*Assigned task*: All lines from the one that contains "Golden British Longhair Kedimiz" to the end of the data must be retyped exactly. Pictures are not retyped.

*Saved data entries*:
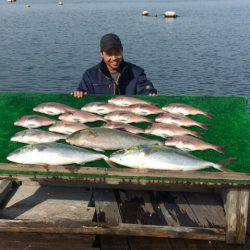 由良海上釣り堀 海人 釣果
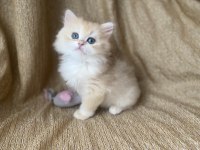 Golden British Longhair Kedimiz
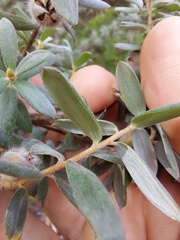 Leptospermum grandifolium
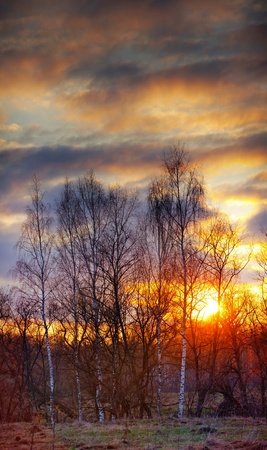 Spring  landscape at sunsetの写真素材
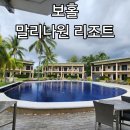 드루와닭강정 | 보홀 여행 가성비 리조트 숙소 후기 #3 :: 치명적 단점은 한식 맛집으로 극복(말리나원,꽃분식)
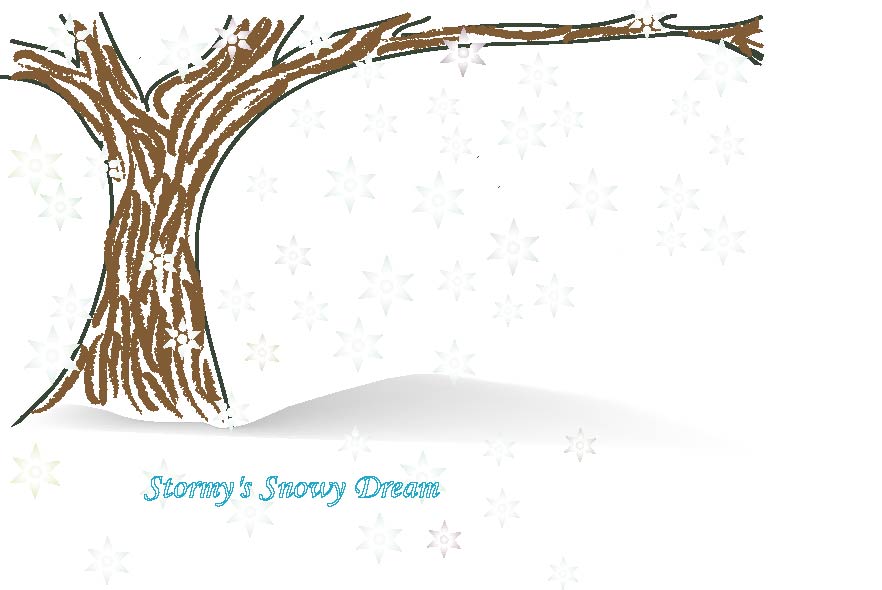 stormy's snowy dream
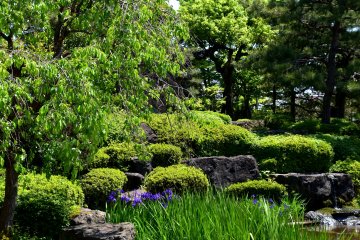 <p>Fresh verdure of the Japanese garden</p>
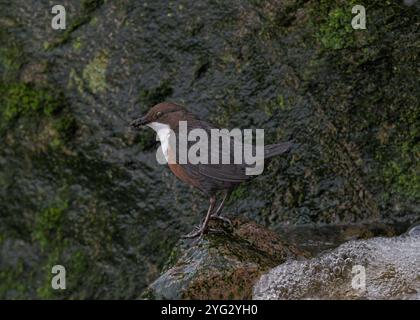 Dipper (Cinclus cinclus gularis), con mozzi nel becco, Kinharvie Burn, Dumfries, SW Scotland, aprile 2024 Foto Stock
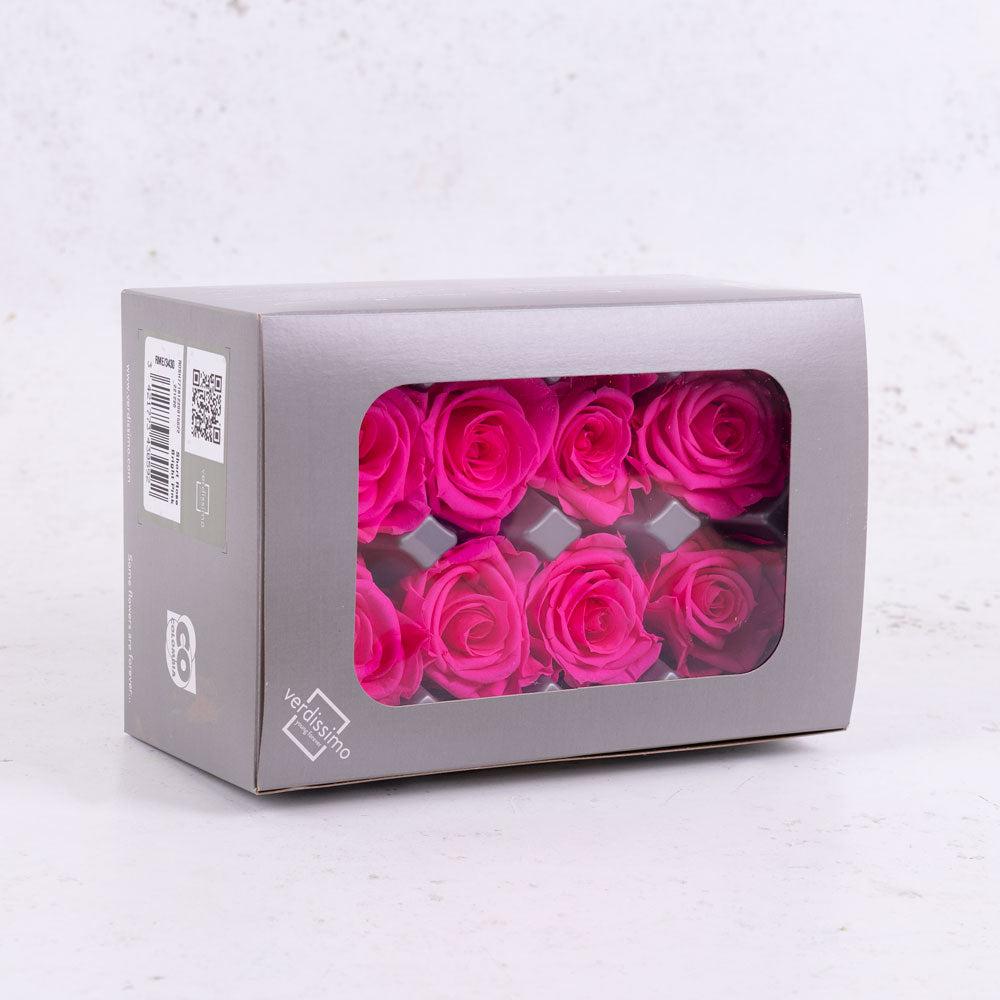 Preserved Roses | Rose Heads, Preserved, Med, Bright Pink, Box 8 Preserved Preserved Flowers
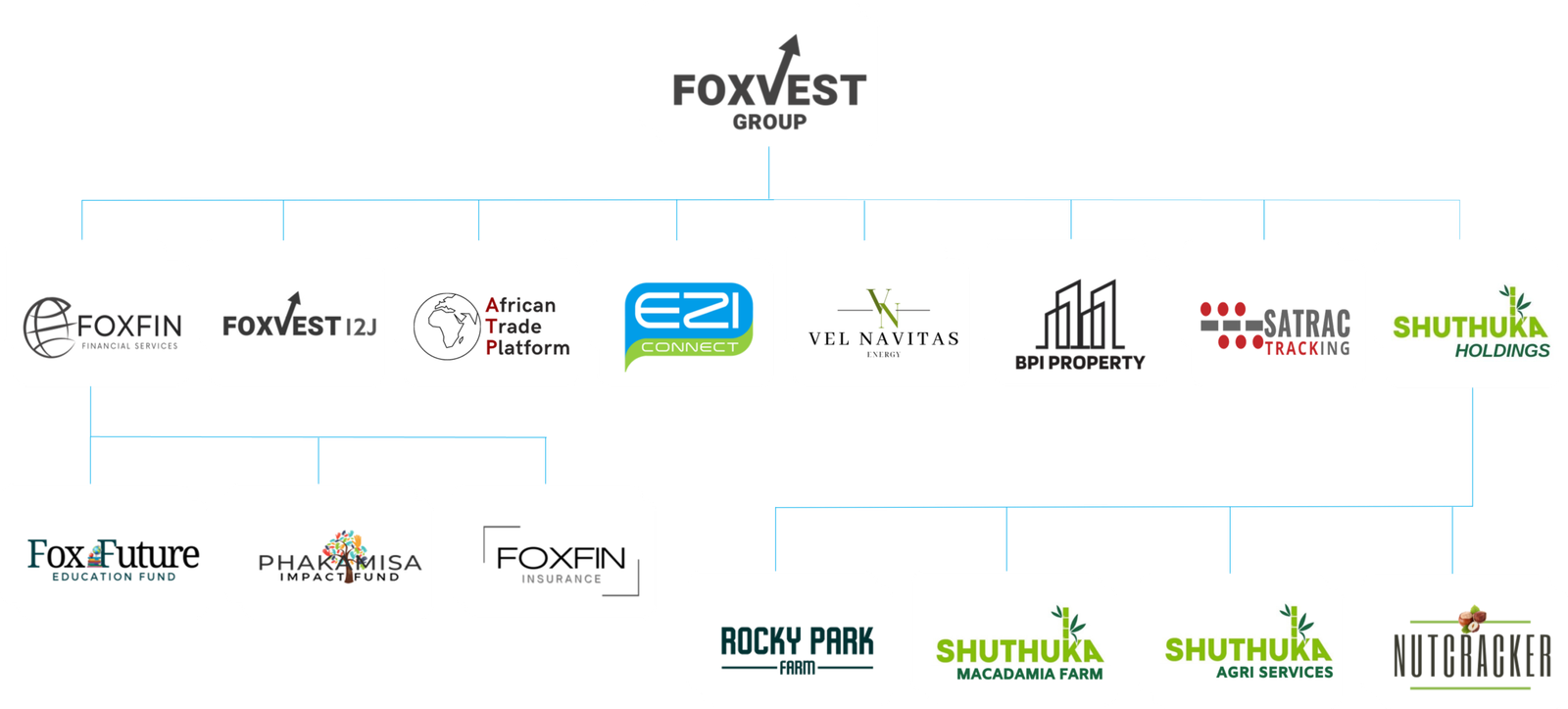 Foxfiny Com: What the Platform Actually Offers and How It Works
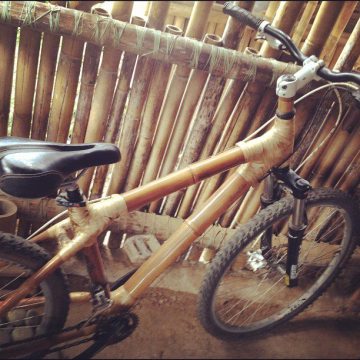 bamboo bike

*Final answer*:
 Golden British Longhair Kedimiz
 Leptospermum grandifolium
 Spring  landscape at sunsetの写真素材
 드루와닭강정 | 보홀 여행 가성비 리조트 숙소 후기 #3 :: 치명적 단점은 한식 맛집으로 극복(말리나원,꽃분식)
 stormy's snowy dream
 <p>Fresh verdure of the Japanese garden</p>
 Dipper (Cinclus cinclus gularis), con mozzi nel becco, Kinharvie Burn, Dumfries, SW Scotland, aprile 2024 Foto Stock
 Preserved Roses | Rose Heads, Preserved, Med, Bright Pink, Box 8 Preserved Preserved Flowers
 Foxfiny Com: What the Platform Actually Offers and How It Works
 bamboo bike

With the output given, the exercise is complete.